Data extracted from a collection

○ ○ ○ ○ ○

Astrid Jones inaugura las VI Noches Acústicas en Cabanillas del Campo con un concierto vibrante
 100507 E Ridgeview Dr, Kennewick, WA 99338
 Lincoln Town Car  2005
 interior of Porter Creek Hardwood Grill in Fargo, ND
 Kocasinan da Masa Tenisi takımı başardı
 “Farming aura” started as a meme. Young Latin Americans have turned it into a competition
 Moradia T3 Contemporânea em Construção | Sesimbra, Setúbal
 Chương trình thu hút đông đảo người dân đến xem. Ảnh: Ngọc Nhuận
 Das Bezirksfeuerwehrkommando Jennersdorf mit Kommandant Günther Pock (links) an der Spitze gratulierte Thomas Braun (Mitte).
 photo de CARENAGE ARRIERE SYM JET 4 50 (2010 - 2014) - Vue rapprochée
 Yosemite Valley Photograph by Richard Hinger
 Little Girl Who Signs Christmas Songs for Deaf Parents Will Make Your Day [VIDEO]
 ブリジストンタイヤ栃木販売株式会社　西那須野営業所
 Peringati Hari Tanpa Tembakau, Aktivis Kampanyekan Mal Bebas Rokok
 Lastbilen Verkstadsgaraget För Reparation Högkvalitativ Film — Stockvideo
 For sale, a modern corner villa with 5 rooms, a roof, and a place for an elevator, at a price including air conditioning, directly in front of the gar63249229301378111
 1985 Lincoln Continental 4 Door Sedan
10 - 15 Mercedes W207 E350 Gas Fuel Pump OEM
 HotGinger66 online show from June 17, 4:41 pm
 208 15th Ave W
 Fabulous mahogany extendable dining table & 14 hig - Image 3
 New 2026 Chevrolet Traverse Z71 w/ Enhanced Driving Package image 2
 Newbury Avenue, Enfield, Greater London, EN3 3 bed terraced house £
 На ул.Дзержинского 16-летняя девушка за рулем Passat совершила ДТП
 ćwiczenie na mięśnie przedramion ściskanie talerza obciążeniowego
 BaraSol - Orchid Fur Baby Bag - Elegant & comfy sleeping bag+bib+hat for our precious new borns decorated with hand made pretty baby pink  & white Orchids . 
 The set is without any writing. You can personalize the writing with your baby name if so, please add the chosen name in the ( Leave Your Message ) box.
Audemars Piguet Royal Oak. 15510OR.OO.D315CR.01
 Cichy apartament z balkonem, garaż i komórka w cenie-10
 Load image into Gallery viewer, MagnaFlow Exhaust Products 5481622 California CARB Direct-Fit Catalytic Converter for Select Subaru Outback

○ ○ ○ ○ ○

EXERCISE BRIEF: Each record is to be repeated exactly.

EXPECTED ANSWER:
Astrid Jones inaugura las VI Noches Acústicas en Cabanillas del Campo con un concierto vibrante
 100507 E Ridgeview Dr, Kennewick, WA 99338
 Lincoln Town Car  2005
 interior of Porter Creek Hardwood Grill in Fargo, ND
 Kocasinan da Masa Tenisi takımı başardı
 “Farming aura” started as a meme. Young Latin Americans have turned it into a competition
 Moradia T3 Contemporânea em Construção | Sesimbra, Setúbal
 Chương trình thu hút đông đảo người dân đến xem. Ảnh: Ngọc Nhuận
 Das Bezirksfeuerwehrkommando Jennersdorf mit Kommandant Günther Pock (links) an der Spitze gratulierte Thomas Braun (Mitte).
 photo de CARENAGE ARRIERE SYM JET 4 50 (2010 - 2014) - Vue rapprochée
 Yosemite Valley Photograph by Richard Hinger
 Little Girl Who Signs Christmas Songs for Deaf Parents Will Make Your Day [VIDEO]
 ブリジストンタイヤ栃木販売株式会社　西那須野営業所
 Peringati Hari Tanpa Tembakau, Aktivis Kampanyekan Mal Bebas Rokok
 Lastbilen Verkstadsgaraget För Reparation Högkvalitativ Film — Stockvideo
 For sale, a modern corner villa with 5 rooms, a roof, and a place for an elevator, at a price including air conditioning, directly in front of the gar63249229301378111
 1985 Lincoln Continental 4 Door Sedan
10 - 15 Mercedes W207 E350 Gas Fuel Pump OEM
 HotGinger66 online show from June 17, 4:41 pm
 208 15th Ave W
 Fabulous mahogany extendable dining table & 14 hig - Image 3
 New 2026 Chevrolet Traverse Z71 w/ Enhanced Driving Package image 2
 Newbury Avenue, Enfield, Greater London, EN3 3 bed terraced house £
 На ул.Дзержинского 16-летняя девушка за рулем Passat совершила ДТП
 ćwiczenie na mięśnie przedramion ściskanie talerza obciążeniowego
 BaraSol - Orchid Fur Baby Bag - Elegant & comfy sleeping bag+bib+hat for our precious new borns decorated with hand made pretty baby pink  & white Orchids . 
 The set is without any writing. You can personalize the writing with your baby name if so, please add the chosen name in the ( Leave Your Message ) box.
Audemars Piguet Royal Oak. 15510OR.OO.D315CR.01
 Cichy apartament z balkonem, garaż i komórka w cenie-10
 Load image into Gallery viewer, MagnaFlow Exhaust Products 5481622 California CARB Direct-Fit Catalytic Converter for Select Subaru Outback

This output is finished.